_Goal of the exercise_
Please produce a character-exact copy of the listing that follows, omitting all images.

_Records_

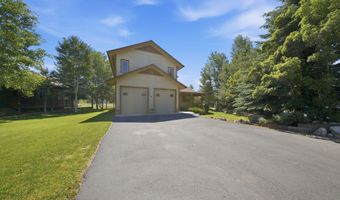 35 LUCY Cir, Alpine, WY 83128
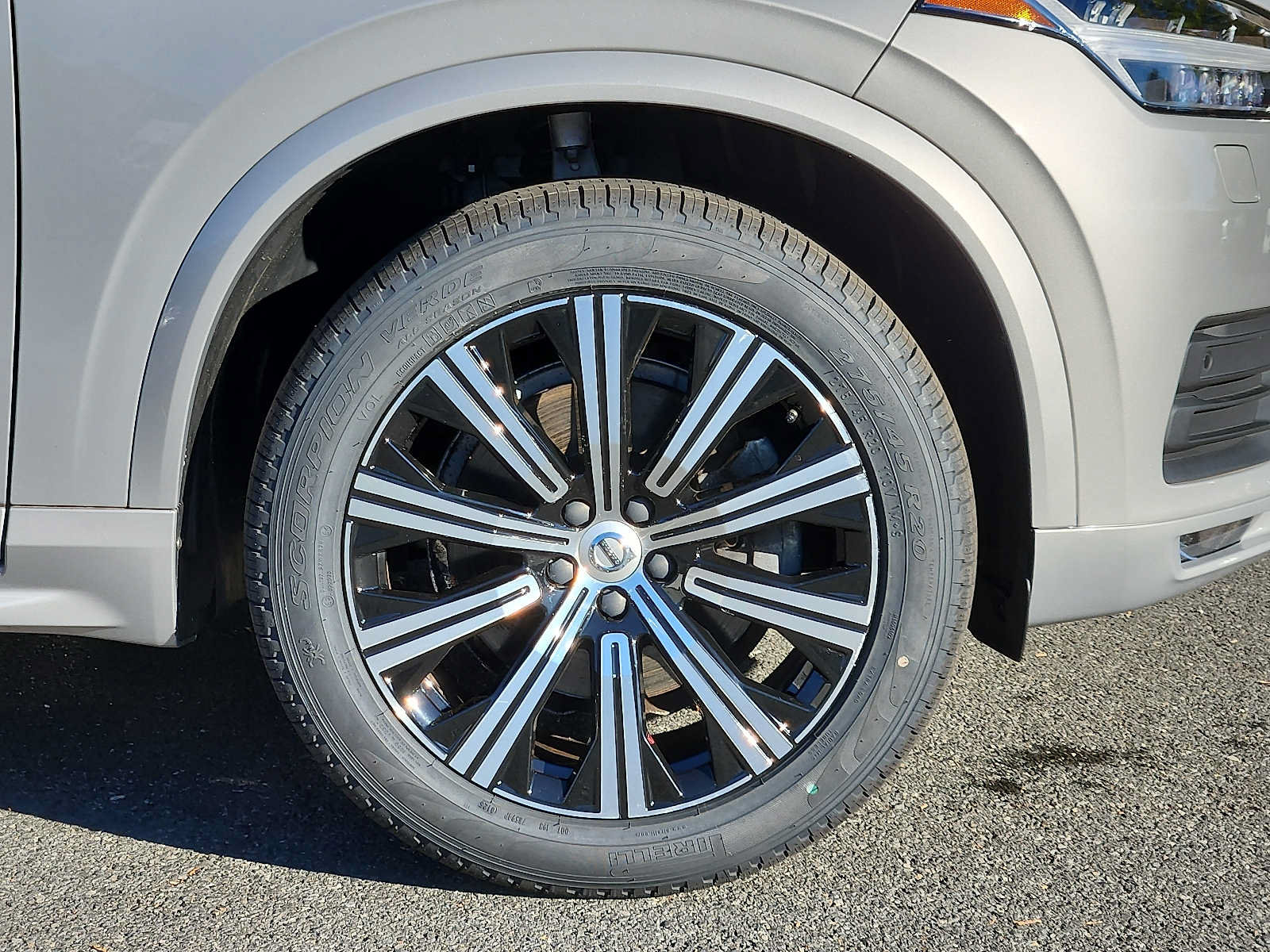 Certified 2023 Volvo XC90 B5 Core w/ Protection Package Premier AWD/4WD image 8
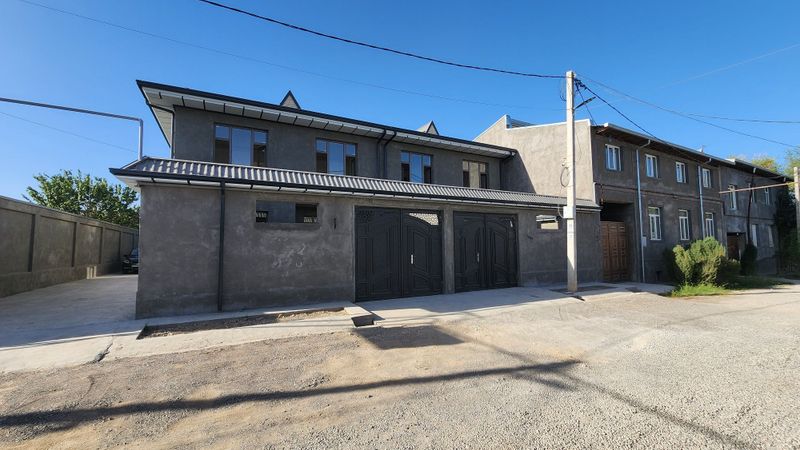 Nazarbek Katta Ittifoqda hovli sotiladi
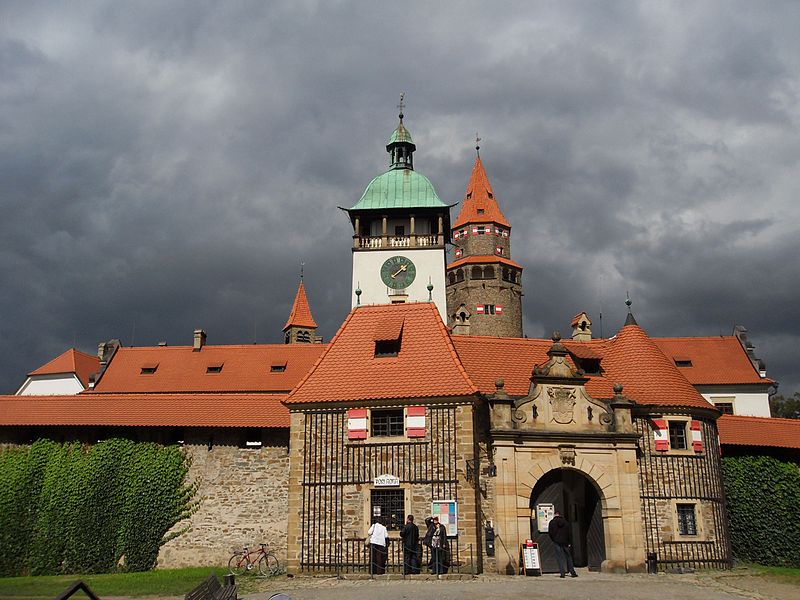 hrad-bouzov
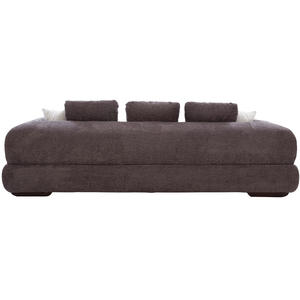 Chaise pivotante Rosia de qualité supérieure, élégante et moderne, avec revêtement en bouclette moelleuse, base en bois et style confortable et luxueux, en vente - Product Image 3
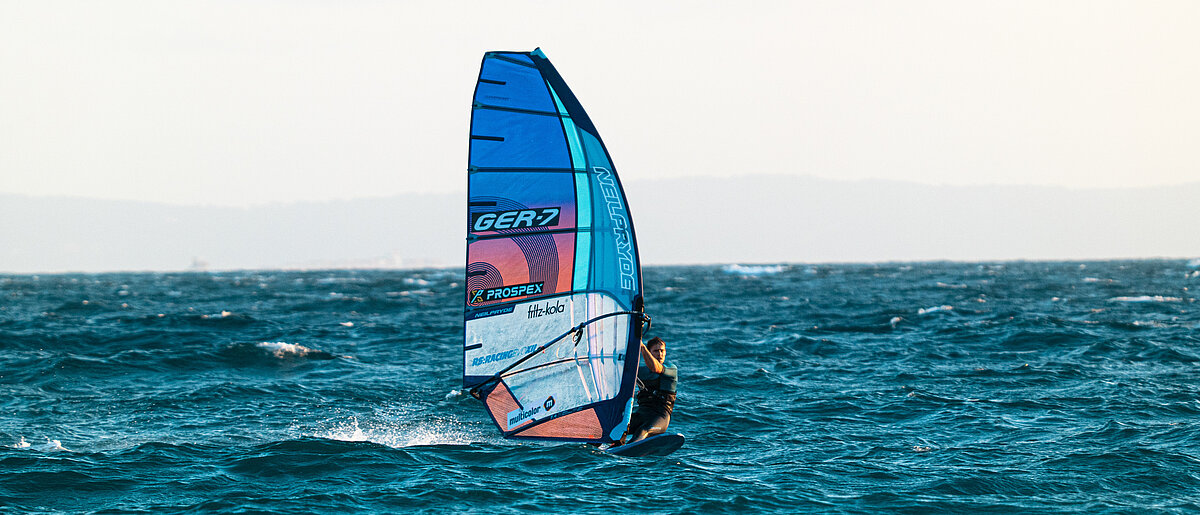 Profi-Windsurfer und VANTourer Markenbotschafter Nico Prien
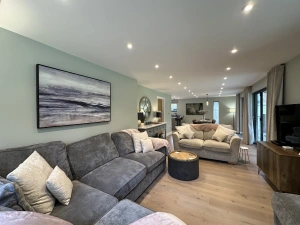 Property image 3 for SC1101036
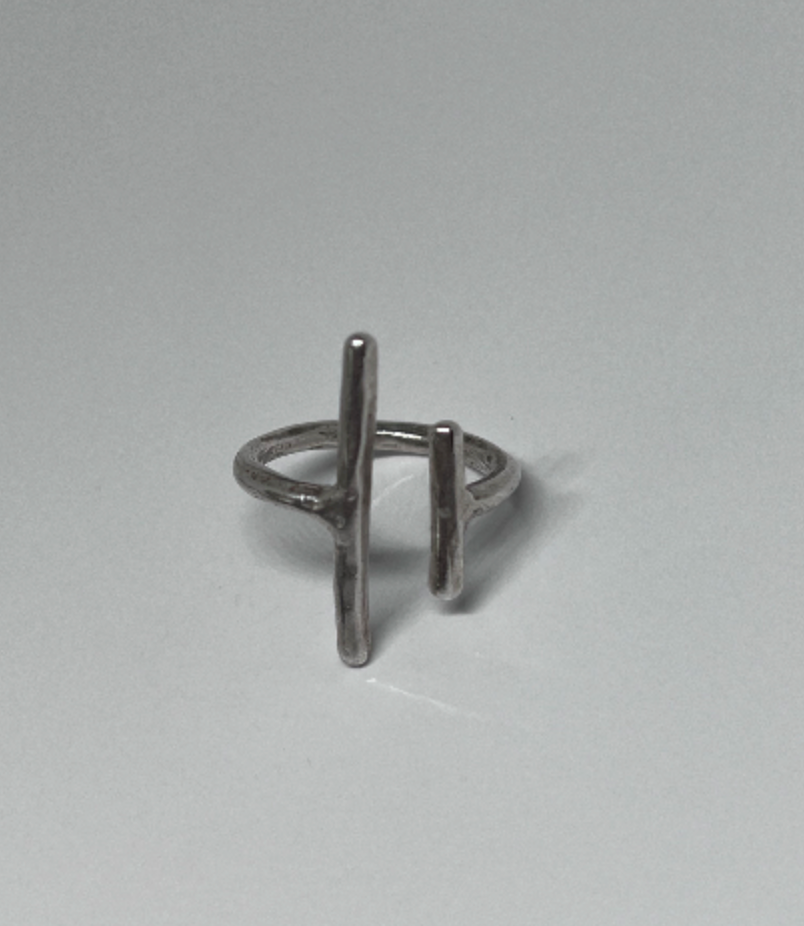 Bague barres asymétriques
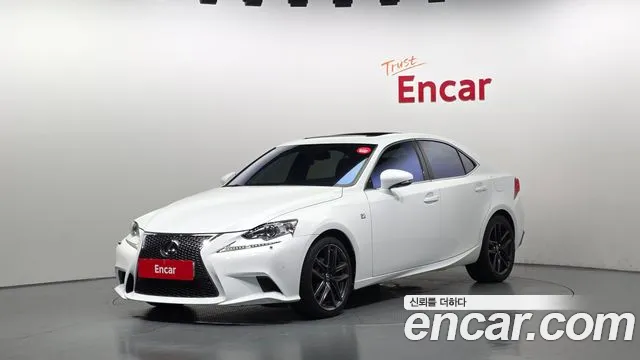 Lexus IS — экстерьер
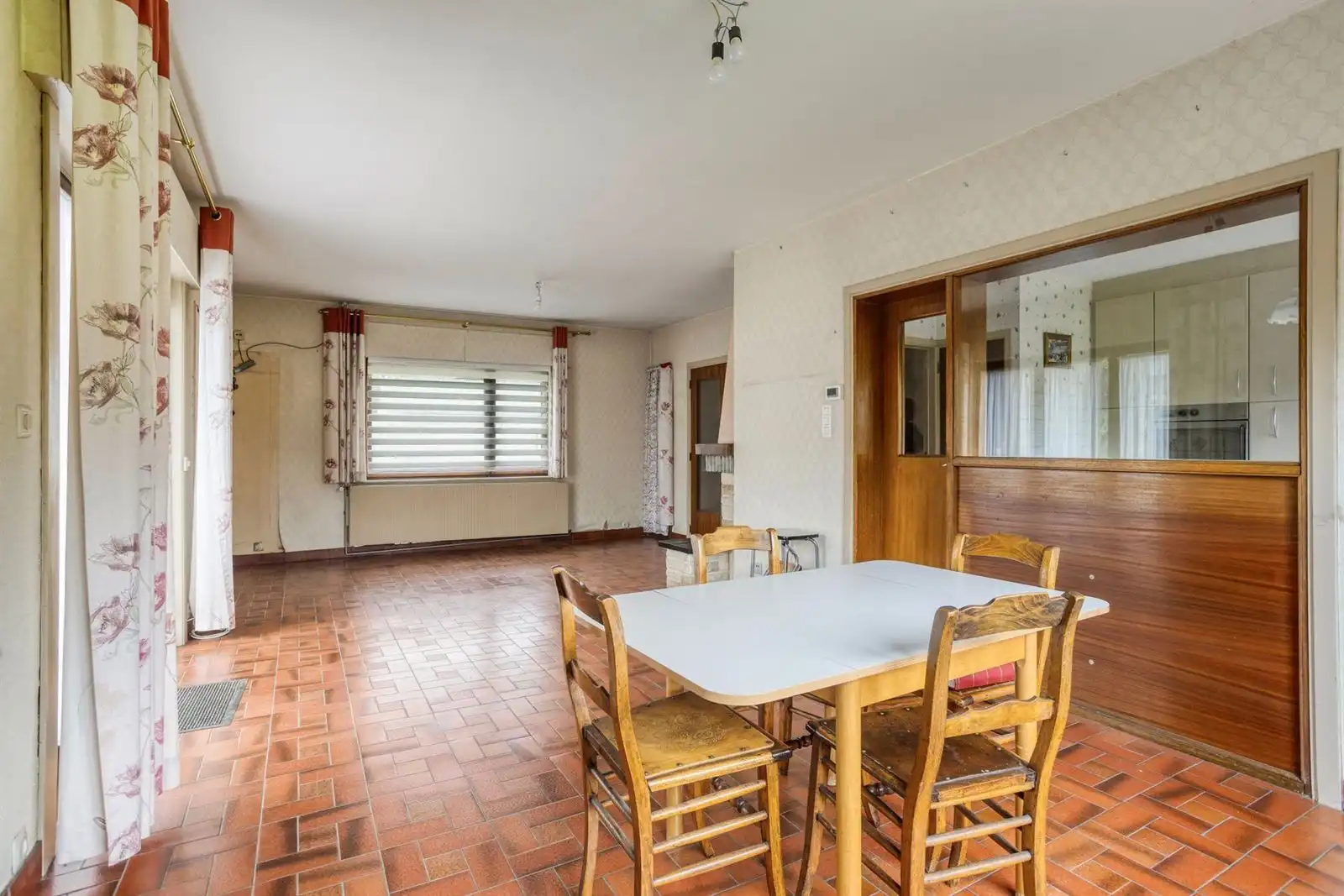 Prachtig gelegen bungalow met 3 à 4 slaapkamers op 6a 53ca foto 9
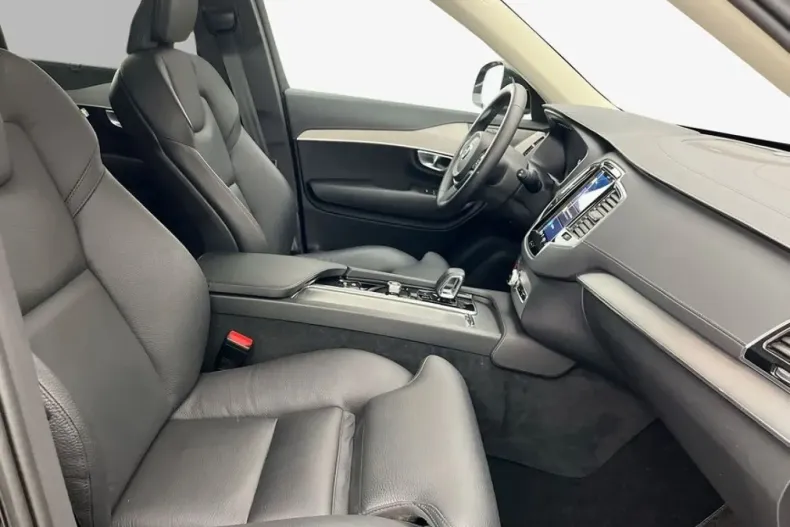 Volvo XC90 din 2023 cu 35.600 km - oferta VOL119291 - foto 12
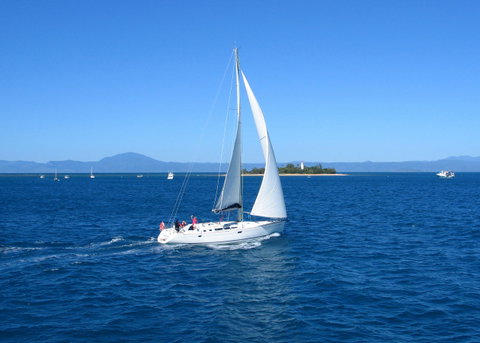 Martinique On Macrossan - Tourism Cairns 31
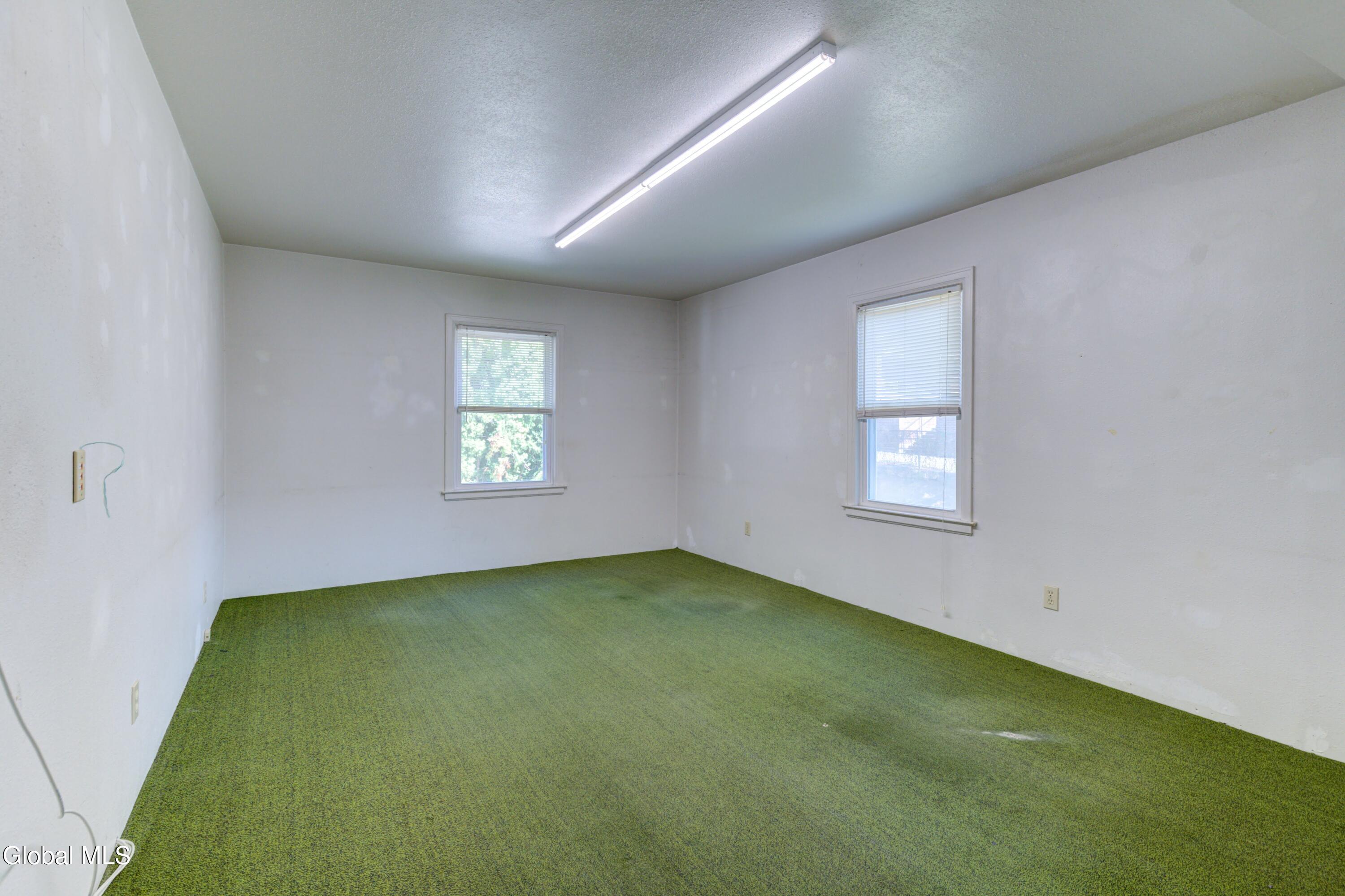 34 Russell Road Colonie, NY 12205 - Photo 19 of 61 58-34 Russell Rd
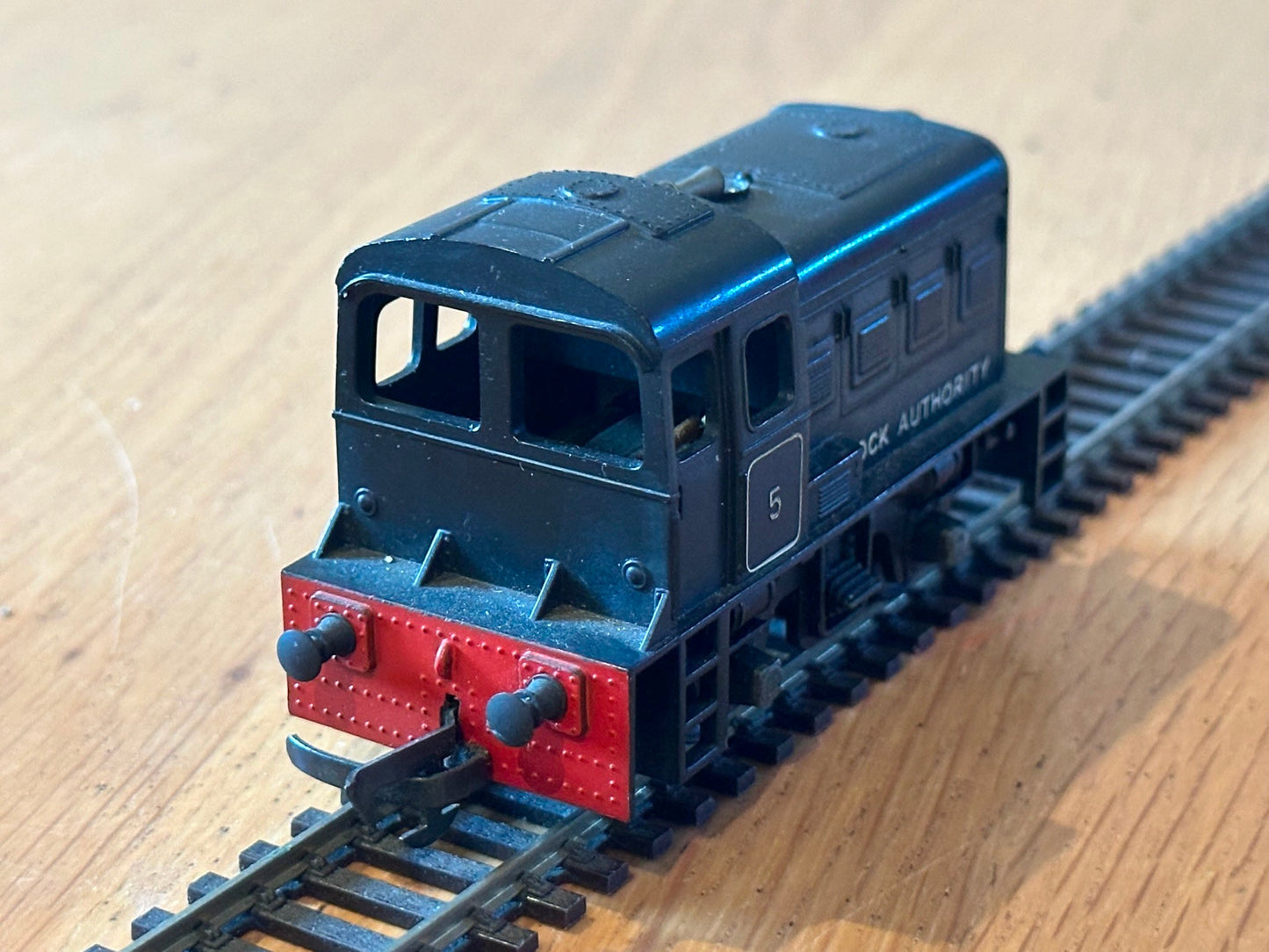 Hornby OO Gauge R253 Dock Authority Diesel Shunter. Rare Model.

_Expected answer_
 35 LUCY Cir, Alpine, WY 83128
 Certified 2023 Volvo XC90 B5 Core w/ Protection Package Premier AWD/4WD image 8
 Nazarbek Katta Ittifoqda hovli sotiladi
 hrad-bouzov
 Chaise pivotante Rosia de qualité supérieure, élégante et moderne, avec revêtement en bouclette moelleuse, base en bois et style confortable et luxueux, en vente - Product Image 3
 Profi-Windsurfer und VANTourer Markenbotschafter Nico Prien
 Property image 3 for SC1101036
 Bague barres asymétriques
 Lexus IS — экстерьер
 Prachtig gelegen bungalow met 3 à 4 slaapkamers op 6a 53ca foto 9
 Volvo XC90 din 2023 cu 35.600 km - oferta VOL119291 - foto 12
 Martinique On Macrossan - Tourism Cairns 31
 34 Russell Road Colonie, NY 12205 - Photo 19 of 61 58-34 Russell Rd
 Hornby OO Gauge R253 Dock Authority Diesel Shunter. Rare Model.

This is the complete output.